Ceux-ci sont amenés trop souvent à corriger les fautes de français et même parfois à rewrighter (c’est un terme consacré de franglais) complètement l’ouvrage, car les critiques connaissent en général la langue mieux que ces créateurs de la jeune génération. C’est une situation anormale, disons-le bien et fort.

C’est aussi une situation inconfortable pour le critique. Le voilà coïncé entre l’embarras et la dictature, devant une masse de manuscrits, de livres déjà édités (je pense surtout à tous ces recueils de poèmes édités à compte d’auteurs !), manuscrits médiocres et livres médiocres.

Que conseiller en toute honnêteté, lorsqu’on nous demande notre avis ? d’apprendre mieux le français ? d’écrire en langues nationales ? de faire de la peinture, ou du chant, ou de la guitare ?

Comment décrire ce soulagement extraordinaire – que l’on ressent lorsqu’on découvre que l’auteur maîtrise bien sa langue et s’exprime sans accrocs, sinon voulus et heureux, à la règle, la terrible règle.

Comment définir ce sentiment de culpabilité qui vous serre l’estomac, devant un jeune écrivain-apprenti plein d’idées et d’enthousiasme mais privé des moyens linguistiques suffisants, nécessaires, indispensables ?

Que faire devant la susceptibilité des auteurs qui se cabrent ou s’affligent devant vos réticences, se vexent pour la préface refusée, pour le mot de recommandation non accordé, pour les remarques et conseils sur le style déficient, la syntaxe emberlificotée, les discours emphatiques, l’intrigue confuse, les boursouflures de la phrase ?

Comment faire comprendre que les critères modernes prohibent les clichés, les répétitions inutiles, les réminiscences, le déjà vu et même identifié (chez Senghor, Césaire, David Diop) alors que tout cela est normal et non choquant chez le griot qui imite les modèles traditionnels, alors que la littérature orale ne se soucie pas d’originalité mais d’harmonie, même si elle est répétée à l’infini d’un auteur-interprète à l’autre ?

Comment aussi conseiller celui qui veut écrire mais qui n’a rien à dire ? Celui qui aime le langage creux et sonore des lieux communs bien éprouvés et ne comprend pas qu’on lui demande en plus « du fond », de la « personnalité », une « vision bien à lui », ou tout au moins ce décollement ou ce décalage de la norme (voir Mecchonnic, mais ils ne peuvent pas lire Meschonnic) sans lequel il n’est pas de poésie ?
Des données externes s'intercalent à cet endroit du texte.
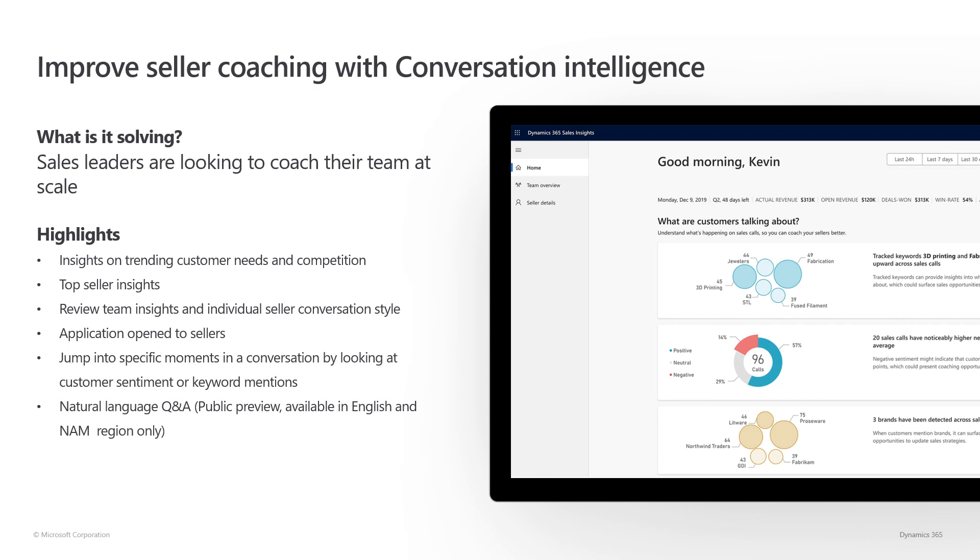Sales leaders are looking to coach their team at scale. Conversation Intelligence helps sales leaders and organizations achieve this goal. In this release, we have added a bunch of cool capabilities, including a new homepage where we surface trending customer needs and competition, top seller insights, along with insights on individual deals.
Certains en sont convaincus, mais il faut alors résoudre les barrages des éditeurs et les problèmes des traductions.

En réalité c’est pensable. Qui lirait Hugo Claus si on ne l’avait traduit du flamand ? Pourquoi un roman comparable au Ségou de Maryse Condé ne pourrait-il être écrit en bambara, et traduit, devenir un best-seller ?
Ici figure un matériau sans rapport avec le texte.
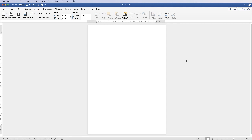Hi, and in today's Microsoft Word tutorial I'm going to show you how to make a Facebook cover image in Word. It's really important that you get the right dimensions for the cover photo, otherwise it's not going to look great. So in order for it to be displayed correctly on both mobile and desktop, I'm going to go for the dimensions 820 pixels by 360 pixels.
Nous qui avons lu Dostoïewski en français ainsi que Tolstoï, nous savons que ces deux auteurs avaient écrit en russe et au moment où la grande majorité de la Russie était encore analphabète. Alors ? Tout est encore possible.
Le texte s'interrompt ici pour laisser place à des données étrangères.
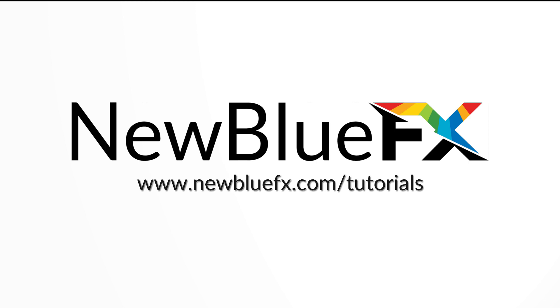For more resources and tutorials, visit newbluefx.com slash tutorials. This has been Juan Mejia with New Blue FX, and I'll see you next time.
Dieu qu’il est difficile d’être critique en situation ! Le critique africain ou africaniste est je pense, aujourd’hui, un homme (ou une femme) assez malheureux. Tel est le paradoxe actuel de la littérature africaine et de ses critiques affrontés aux auteurs.

N’y a-t-il d’espoir que dans un développement des littératures en langues nationales, wolof, mandingue, peul, haoussa, ewondo, swahili ?

[1] Le Ministère de la Culture commence cependant à s’y intéresser.